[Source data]
****************************************

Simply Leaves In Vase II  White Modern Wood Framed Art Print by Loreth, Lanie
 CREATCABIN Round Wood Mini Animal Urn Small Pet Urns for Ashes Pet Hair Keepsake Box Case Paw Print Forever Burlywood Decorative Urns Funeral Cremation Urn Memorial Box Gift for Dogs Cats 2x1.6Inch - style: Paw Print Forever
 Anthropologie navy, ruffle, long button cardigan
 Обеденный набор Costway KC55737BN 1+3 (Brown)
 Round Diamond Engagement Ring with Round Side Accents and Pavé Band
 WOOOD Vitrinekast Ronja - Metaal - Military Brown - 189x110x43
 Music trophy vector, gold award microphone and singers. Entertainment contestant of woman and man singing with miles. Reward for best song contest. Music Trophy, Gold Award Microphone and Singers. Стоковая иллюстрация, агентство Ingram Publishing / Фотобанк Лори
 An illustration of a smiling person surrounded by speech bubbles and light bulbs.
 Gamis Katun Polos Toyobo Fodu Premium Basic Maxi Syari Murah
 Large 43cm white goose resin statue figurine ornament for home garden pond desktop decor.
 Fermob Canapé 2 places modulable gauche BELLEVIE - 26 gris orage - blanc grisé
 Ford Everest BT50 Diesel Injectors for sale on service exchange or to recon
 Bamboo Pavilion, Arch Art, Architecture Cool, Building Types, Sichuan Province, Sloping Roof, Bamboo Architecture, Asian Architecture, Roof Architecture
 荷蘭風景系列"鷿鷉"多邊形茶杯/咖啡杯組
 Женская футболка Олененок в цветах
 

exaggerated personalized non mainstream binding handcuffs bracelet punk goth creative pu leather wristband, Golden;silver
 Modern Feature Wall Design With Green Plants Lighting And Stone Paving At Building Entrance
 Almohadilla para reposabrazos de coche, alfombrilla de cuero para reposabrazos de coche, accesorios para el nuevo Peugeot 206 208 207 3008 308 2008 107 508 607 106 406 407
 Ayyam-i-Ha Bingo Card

****************************************

If a line in the records above contains "Wood", copy that line.

* [RESULT OF THE TASK]
Simply Leaves In Vase II  White Modern Wood Framed Art Print by Loreth, Lanie
 CREATCABIN Round Wood Mini Animal Urn Small Pet Urns for Ashes Pet Hair Keepsake Box Case Paw Print Forever Burlywood Decorative Urns Funeral Cremation Urn Memorial Box Gift for Dogs Cats 2x1.6Inch - style: Paw Print Forever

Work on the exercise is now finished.